The first time I went to Yellowstone National Park it was July 1993, and the grand old place still had raw wounds from the great wildfires that had ravaged it five years earlier. Vast portions were still charred, like a moonscape; the dark stalks of burnt trees sticking out of the ground like spent matchsticks over acre and acre of public land. I returned to the park earlier this month, and in the intervening quarter of a century new life had sprung in the burn areas. The cycle of life, nature’s way, eternal renewal; young evergreens had emerged from the ash.

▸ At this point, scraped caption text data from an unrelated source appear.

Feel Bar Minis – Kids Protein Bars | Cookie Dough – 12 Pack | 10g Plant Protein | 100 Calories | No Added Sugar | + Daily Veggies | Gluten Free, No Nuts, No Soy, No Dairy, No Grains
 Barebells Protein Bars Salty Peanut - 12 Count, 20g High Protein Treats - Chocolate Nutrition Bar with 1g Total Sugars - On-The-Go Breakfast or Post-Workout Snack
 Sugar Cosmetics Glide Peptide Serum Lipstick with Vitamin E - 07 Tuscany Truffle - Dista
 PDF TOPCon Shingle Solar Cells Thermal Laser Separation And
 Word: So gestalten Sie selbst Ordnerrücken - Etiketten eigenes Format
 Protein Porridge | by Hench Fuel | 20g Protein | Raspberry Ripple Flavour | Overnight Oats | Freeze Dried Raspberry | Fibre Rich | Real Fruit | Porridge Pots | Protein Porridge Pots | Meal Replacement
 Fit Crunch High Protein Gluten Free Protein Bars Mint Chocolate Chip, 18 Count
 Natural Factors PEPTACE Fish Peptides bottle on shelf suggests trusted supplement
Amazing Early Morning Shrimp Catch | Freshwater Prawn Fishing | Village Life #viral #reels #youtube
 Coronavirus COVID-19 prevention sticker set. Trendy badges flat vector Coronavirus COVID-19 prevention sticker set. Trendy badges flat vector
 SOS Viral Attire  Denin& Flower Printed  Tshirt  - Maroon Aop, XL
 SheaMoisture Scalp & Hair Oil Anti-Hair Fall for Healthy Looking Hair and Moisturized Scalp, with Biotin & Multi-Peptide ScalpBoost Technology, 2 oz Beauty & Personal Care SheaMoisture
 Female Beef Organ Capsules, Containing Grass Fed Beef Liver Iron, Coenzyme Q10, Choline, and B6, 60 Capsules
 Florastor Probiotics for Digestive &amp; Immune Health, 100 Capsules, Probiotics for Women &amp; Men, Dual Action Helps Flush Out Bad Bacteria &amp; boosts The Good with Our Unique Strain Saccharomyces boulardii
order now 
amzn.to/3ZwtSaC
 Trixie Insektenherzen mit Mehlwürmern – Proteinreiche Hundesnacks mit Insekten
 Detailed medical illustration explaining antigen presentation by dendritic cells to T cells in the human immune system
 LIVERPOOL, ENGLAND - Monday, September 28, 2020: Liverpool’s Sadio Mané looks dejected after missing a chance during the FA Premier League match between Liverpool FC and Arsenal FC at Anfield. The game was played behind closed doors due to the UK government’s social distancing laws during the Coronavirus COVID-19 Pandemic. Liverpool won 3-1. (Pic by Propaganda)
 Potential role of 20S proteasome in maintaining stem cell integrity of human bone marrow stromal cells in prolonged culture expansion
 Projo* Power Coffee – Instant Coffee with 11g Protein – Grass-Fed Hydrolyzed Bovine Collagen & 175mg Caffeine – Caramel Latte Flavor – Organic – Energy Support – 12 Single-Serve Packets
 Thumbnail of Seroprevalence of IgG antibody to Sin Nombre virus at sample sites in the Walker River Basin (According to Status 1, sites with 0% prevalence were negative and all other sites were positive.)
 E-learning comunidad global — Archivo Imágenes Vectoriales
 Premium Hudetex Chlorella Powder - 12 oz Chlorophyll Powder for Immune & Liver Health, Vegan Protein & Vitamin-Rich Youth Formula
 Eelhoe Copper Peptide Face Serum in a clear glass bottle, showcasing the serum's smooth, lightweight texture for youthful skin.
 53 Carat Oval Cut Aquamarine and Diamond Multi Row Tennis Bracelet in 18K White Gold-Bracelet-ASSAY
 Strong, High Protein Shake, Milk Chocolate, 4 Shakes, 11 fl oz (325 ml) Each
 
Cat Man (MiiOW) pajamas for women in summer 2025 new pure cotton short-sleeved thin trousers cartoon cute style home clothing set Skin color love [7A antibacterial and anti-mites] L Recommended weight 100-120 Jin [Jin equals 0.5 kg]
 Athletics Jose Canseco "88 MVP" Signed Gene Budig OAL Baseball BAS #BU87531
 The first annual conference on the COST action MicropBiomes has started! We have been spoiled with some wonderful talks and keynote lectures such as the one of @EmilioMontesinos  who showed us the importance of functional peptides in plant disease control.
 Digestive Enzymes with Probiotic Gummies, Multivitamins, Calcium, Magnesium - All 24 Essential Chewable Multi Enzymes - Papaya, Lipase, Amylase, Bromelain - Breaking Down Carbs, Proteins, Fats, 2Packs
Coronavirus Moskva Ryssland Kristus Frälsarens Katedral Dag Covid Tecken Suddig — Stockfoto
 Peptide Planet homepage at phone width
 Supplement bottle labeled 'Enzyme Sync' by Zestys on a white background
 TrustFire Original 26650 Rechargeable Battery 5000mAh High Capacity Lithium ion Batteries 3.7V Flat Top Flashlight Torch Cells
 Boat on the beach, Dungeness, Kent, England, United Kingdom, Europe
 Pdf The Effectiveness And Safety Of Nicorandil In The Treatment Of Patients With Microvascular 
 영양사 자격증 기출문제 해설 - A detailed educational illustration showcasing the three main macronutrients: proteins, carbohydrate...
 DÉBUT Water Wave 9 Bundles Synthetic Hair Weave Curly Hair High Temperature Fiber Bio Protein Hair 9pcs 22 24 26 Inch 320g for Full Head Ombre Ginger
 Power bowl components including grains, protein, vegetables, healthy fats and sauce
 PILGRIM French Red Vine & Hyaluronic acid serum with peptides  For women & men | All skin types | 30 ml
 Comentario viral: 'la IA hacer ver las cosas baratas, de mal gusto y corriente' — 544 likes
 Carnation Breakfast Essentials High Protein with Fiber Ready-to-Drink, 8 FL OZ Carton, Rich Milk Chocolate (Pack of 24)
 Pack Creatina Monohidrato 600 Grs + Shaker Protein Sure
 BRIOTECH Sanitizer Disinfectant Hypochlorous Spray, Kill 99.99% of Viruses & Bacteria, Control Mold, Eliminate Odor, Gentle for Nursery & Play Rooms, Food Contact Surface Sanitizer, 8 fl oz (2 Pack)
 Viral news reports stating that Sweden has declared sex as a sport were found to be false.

It dawned on me, seeing this rebirth, the green amid the grey, that what had happened in Yellowstone between 1988 and today, and what happens generally all over Western states ravaged this season by forest fires, is an apt metaphor for the great national tragedy unfolding today in Washington, D.C. President Donald Trump is doing to American democracy what the great wildfires of 1988 did to Yellowstone National Park and what all great fires do in nature. His presidency aims to burn our institutions, our norms, our rules of law, and our democracy itself.
Millions of words already have been written about the long-term damage the Trump administration is inflicting on the apparatus of our government and its relationship to the people it purports to serve, and on the ways in which he has mastered, cynically, the politics of division. Just this past weekend two more pieces along these lines were added to the canon. Fred Hiatt, the editorial page editor of The Washington Post, argued that white nationalism and white supremacy would be this White House’s primary legacy. He wrote: “the wound that may longest outlive President Trump and his enablers will be the racial and ethnic fear and hatred they so cynically stoked and exploited.”
To Peter Wehner, a longtime Republican official, Trump also has gutted the Republican brand. In The New York Times this weekend he wrote: “A party that once spoke with urgency and apparent conviction about the importance of ethical leadership — fidelity, honesty, honor, decency, good manners, setting a good example — has hitched its wagon to the most thoroughly and comprehensively corrupt individual who has ever been elected president.” Meanwhile, the vital question “Can the rule of law survive Trump?” will become more pronounced the closer we get to the end of Special Counsel Robert Mueller’s investigation.
If we are to survive as a republic of laws, and not as some racist authoritarian regime, maybe the old forests really do have to burn to the ground to make room for a renewal not just of democratic rhetoric but of democratic practices. Maybe in some twisted way the depth and width of Trump’s degradation of government, the way in which he exploits the hollowness of our laws and institutions, the manner in which he encourages the worst impulses among us, precludes us from pretending any longer that we live in a vibrant democracy. We don’t. We never have. And now in the age of Trump the arc of justice clearly is bending the wrong way.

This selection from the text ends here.